In other words, it doesn't exist and won't exist till it discovers it does so. 
This might imply a more de-territorialised and decentralised vision of Muslim politics in a globalised age.
So, something purely gestural. 
And if it is to retain any transcendent power as a form of faith – to be a viable alternative to both secularism and militancy in an age of voluntarism – a re-enchantment that also makes room for forms of individual spirituality not jealously guarded by traditional authorities might prove more effective.
Not just gestural but also involving fairies at the bottom of the garden. 
Whether or not any of this will happen, or is even possible, is, of course, an open question.
Nope. It is a silly and therefore closed question. 
But unless we interrogate the intellectual premises of liberal Islam more vigorously, away from the fallacious arguments of Islamophobes, no amount of support for an ‘Islamic Reformation’ or ‘moderate’ Islam, however well-intentioned, will lead to meaningful change and empowerment, nor solve the current quagmire of militancy.

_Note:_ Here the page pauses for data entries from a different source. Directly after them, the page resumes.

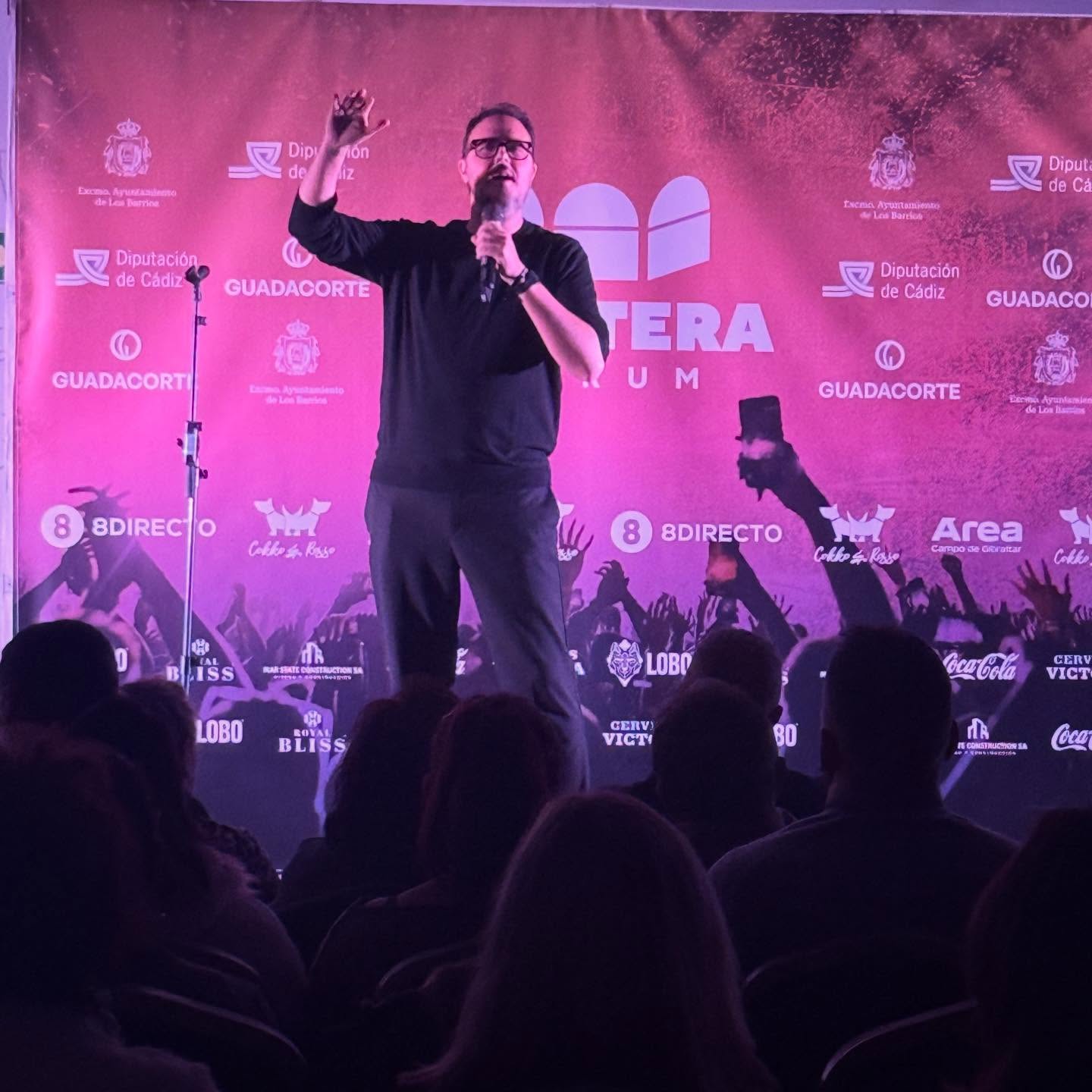 Cuatro humoristas llenan de risas Montera Forum 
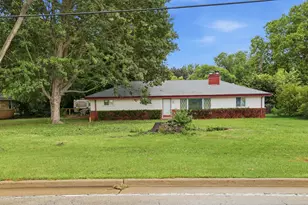608 E Camp McDonald Rd, Prospect Heights, IL 60070 - Photo 4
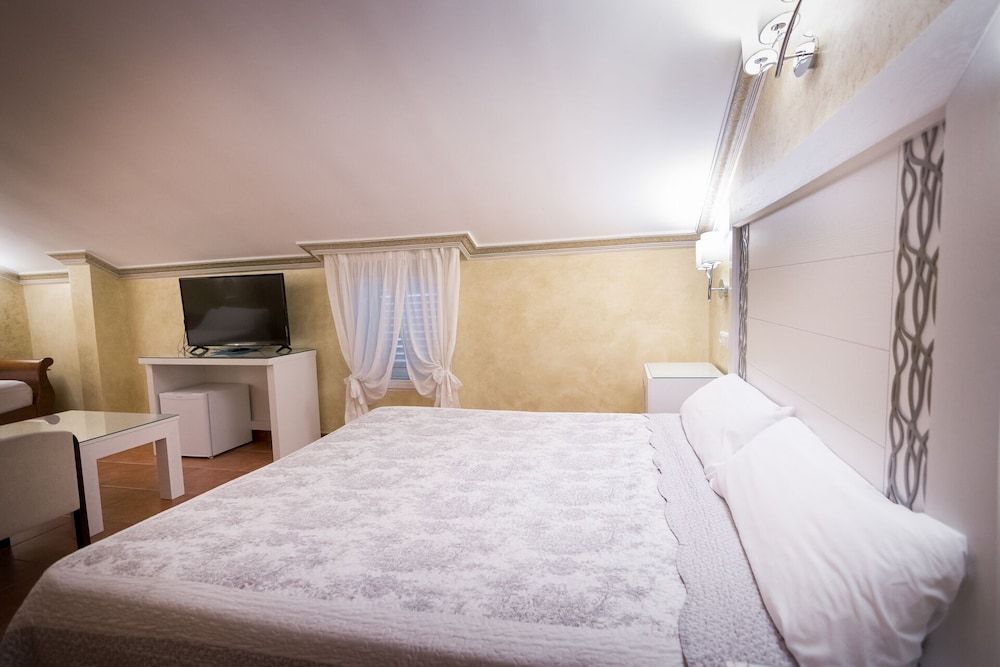 Hotel Abadía Camino Santiago Triple Penthouse, Jetted Tub (no elevator) 7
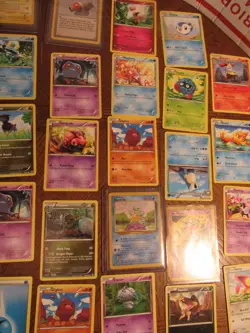 SMALL lot of 54 Pokemon Cards look pictures - Image 3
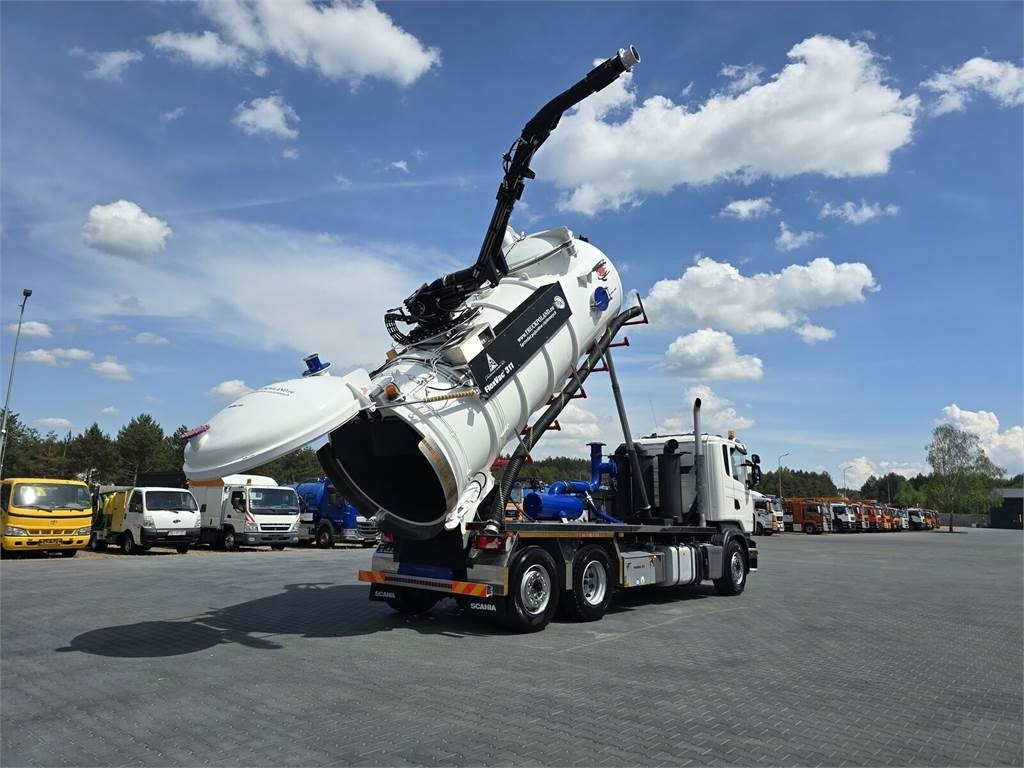 Scania Saugbagger Larsen FlexVac 311 Vacuum suction loade - מחפר: תמונה 1 Scania Saugbagger Larsen FlexVac 311 Vacuum suction loade - מחפר: תמונה 1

You can't 'interrogate' a premise. 
It is something assumed to be true for the purpose of an argument.
You can interrogate the neighbour's cat.
Unless it is sleeping.
The Prophet cut off a portion of his cloak so as not to disturb a sleeping cat.
That is 'Islamic Liberalism' in a nutshell.
Why?
Because it is also Islam in a nutshell.
As for the lucubrations of the pedants- recall the hadith 'the stupidity of the savants is the darkness of the age.'- let those sleeping dogs lie and go interrogate the neighbor's cat.